_Task_.
Please repeat exactly the lines below from the line with "Here's a video" to the line with "If you want", including both, and leave out every picture.

_Data to process_.
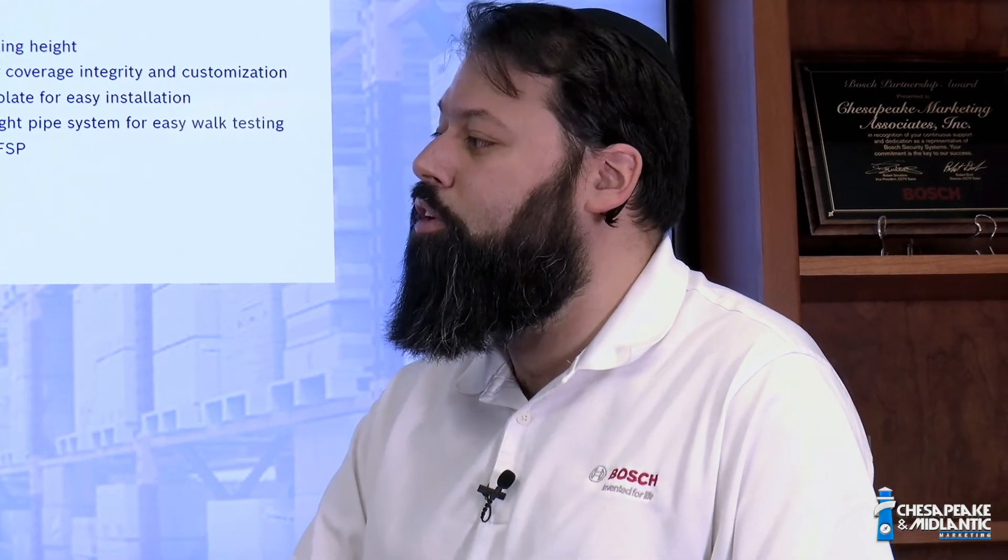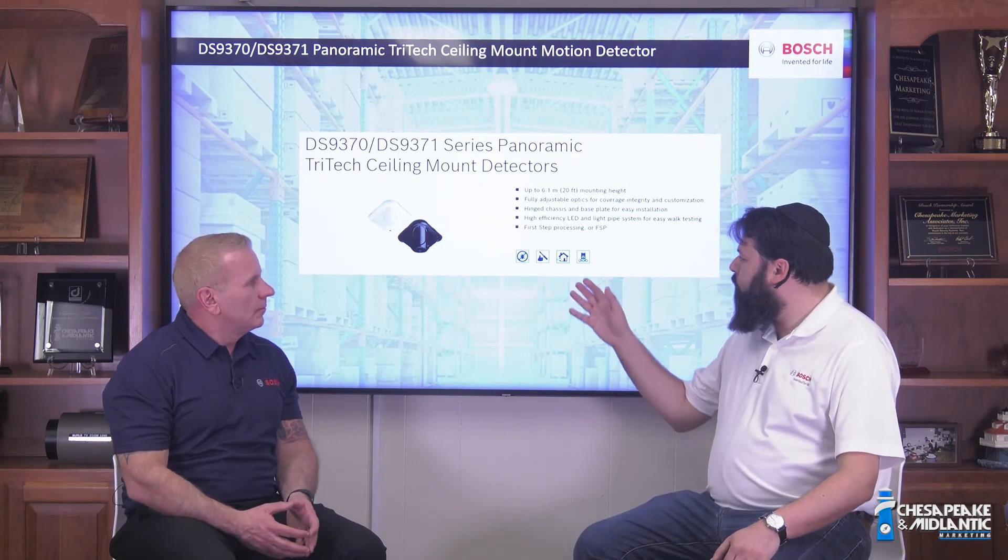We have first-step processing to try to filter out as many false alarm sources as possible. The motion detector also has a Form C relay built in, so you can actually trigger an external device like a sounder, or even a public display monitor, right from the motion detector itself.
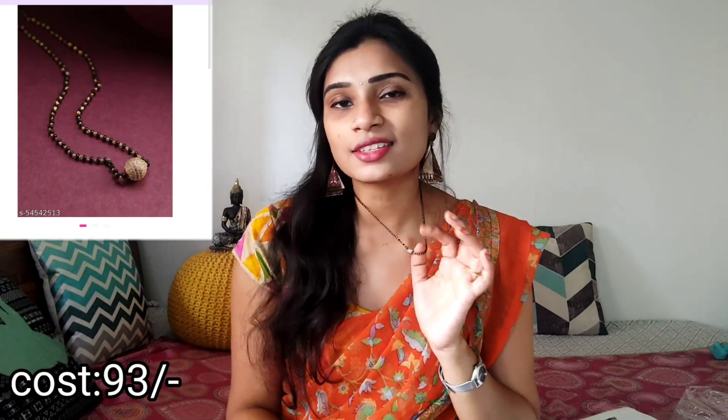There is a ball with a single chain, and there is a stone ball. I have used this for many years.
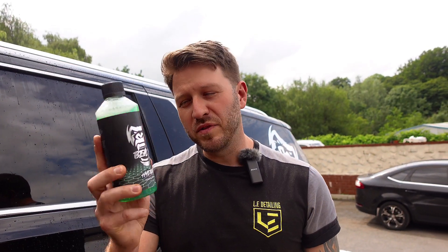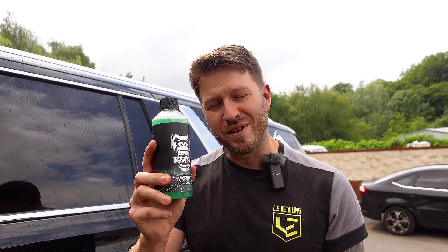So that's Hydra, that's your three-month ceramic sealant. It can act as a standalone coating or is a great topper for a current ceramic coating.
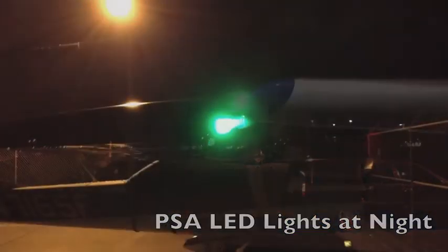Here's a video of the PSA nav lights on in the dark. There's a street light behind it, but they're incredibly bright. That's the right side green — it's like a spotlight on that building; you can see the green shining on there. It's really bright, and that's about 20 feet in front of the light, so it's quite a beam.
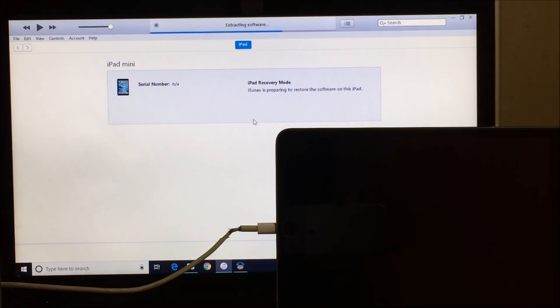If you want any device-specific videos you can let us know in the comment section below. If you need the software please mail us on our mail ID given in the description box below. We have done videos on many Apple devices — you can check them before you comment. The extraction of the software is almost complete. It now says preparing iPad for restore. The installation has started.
---
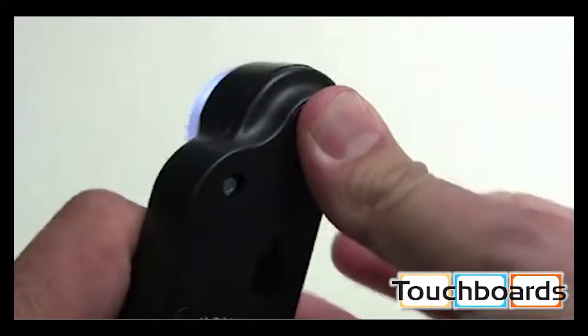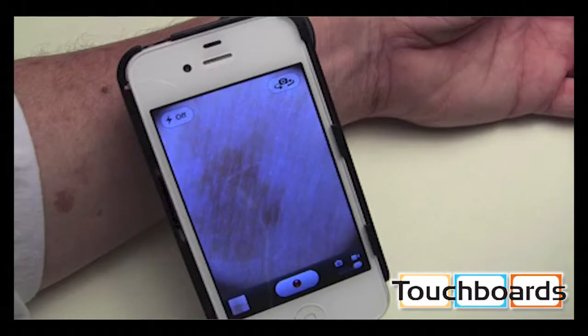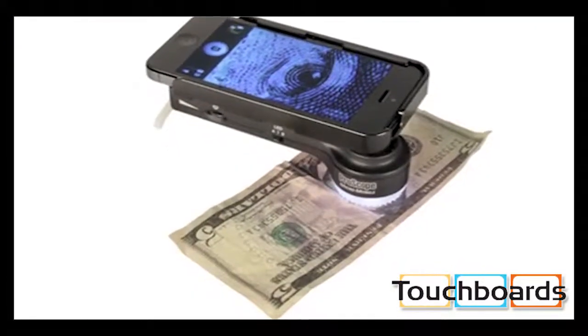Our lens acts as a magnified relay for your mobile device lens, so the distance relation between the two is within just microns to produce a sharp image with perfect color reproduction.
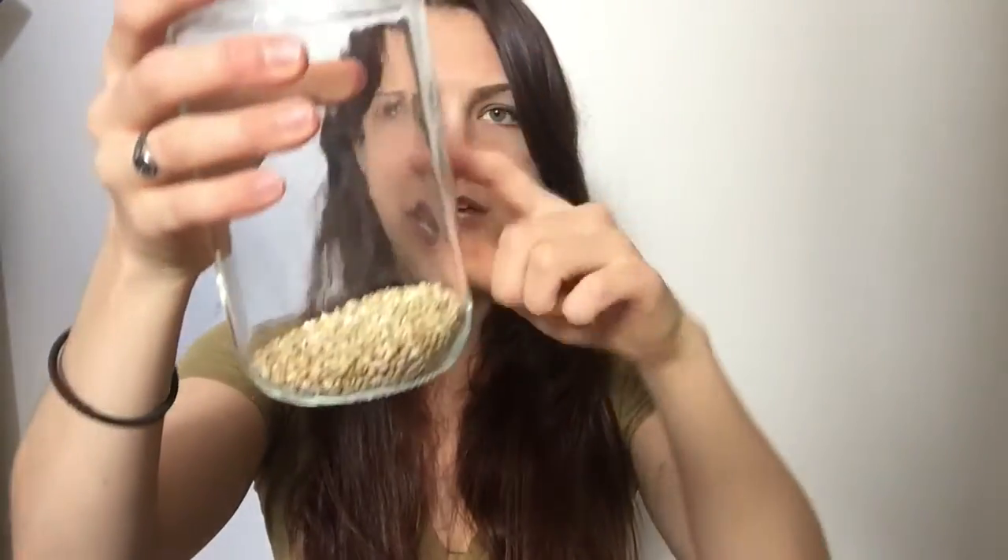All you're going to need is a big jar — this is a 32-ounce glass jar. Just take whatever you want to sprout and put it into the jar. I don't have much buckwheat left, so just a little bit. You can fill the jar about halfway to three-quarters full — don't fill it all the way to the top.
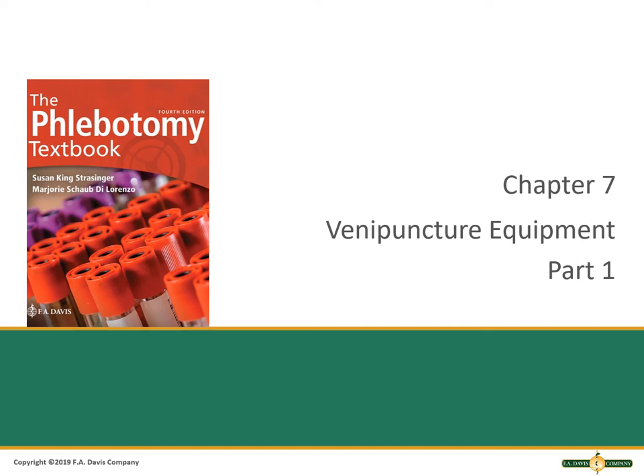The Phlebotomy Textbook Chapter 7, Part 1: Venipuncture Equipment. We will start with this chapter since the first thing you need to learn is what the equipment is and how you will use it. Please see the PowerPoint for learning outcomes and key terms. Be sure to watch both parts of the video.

_Result below_.
Here's a video of the PSA nav lights on in the dark. There's a street light behind it, but they're incredibly bright. That's the right side green — it's like a spotlight on that building; you can see the green shining on there. It's really bright, and that's about 20 feet in front of the light, so it's quite a beam.
If you want any device-specific videos you can let us know in the comment section below. If you need the software please mail us on our mail ID given in the description box below. We have done videos on many Apple devices — you can check them before you comment. The extraction of the software is almost complete. It now says preparing iPad for restore. The installation has started.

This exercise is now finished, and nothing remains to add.